EXERCISE: With the line containing "Women's Tennis Dress, Workout" as the start and the line containing "1 Máy Tính 3" as the end, transcribe that span of the entries below exactly, including both.

RECORDED INFORMATION:

■ ■ ■ ■

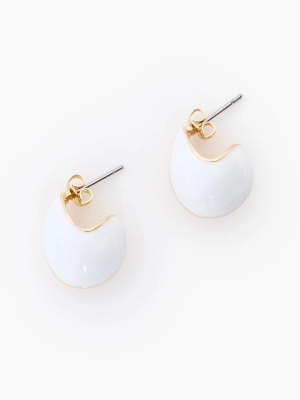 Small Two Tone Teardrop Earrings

■ ■ ■ ■

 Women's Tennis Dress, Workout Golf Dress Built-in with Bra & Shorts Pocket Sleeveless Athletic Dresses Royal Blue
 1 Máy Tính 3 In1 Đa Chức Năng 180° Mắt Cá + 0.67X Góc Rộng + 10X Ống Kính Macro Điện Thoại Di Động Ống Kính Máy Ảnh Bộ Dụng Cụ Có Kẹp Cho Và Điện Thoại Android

■ ■ ■ ■

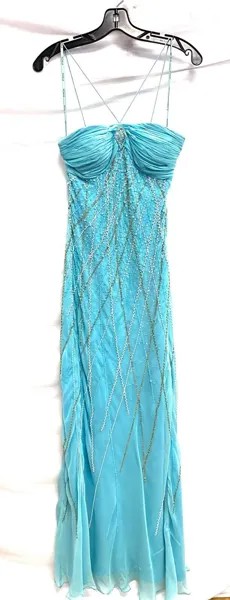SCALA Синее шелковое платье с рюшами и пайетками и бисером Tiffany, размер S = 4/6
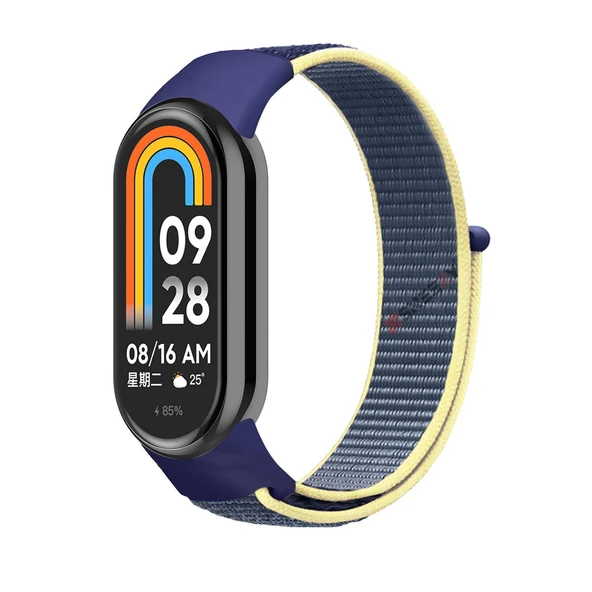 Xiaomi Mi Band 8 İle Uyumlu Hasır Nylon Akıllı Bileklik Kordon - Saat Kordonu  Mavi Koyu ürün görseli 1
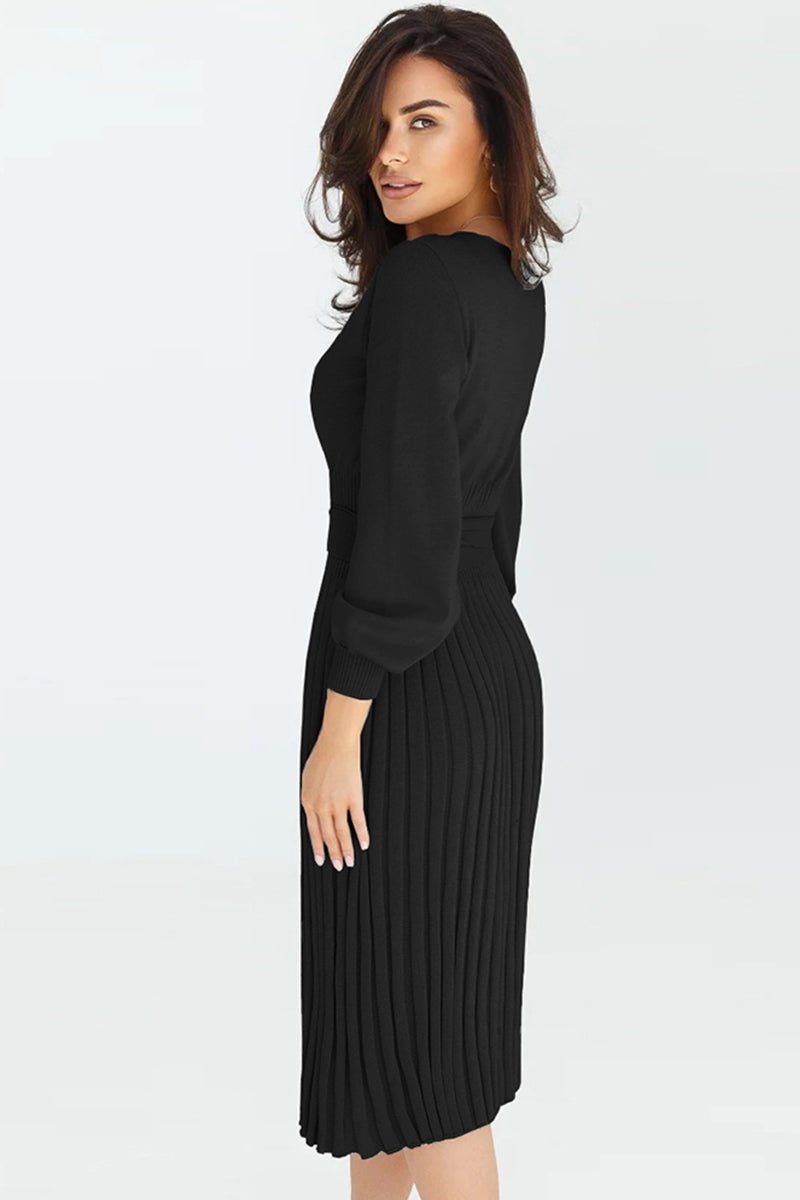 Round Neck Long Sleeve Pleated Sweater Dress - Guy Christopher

■ ■ ■ ■

TASK RESPONSE:
 Women's Tennis Dress, Workout Golf Dress Built-in with Bra & Shorts Pocket Sleeveless Athletic Dresses Royal Blue
 1 Máy Tính 3 In1 Đa Chức Năng 180° Mắt Cá + 0.67X Góc Rộng + 10X Ống Kính Macro Điện Thoại Di Động Ống Kính Máy Ảnh Bộ Dụng Cụ Có Kẹp Cho Và Điện Thoại Android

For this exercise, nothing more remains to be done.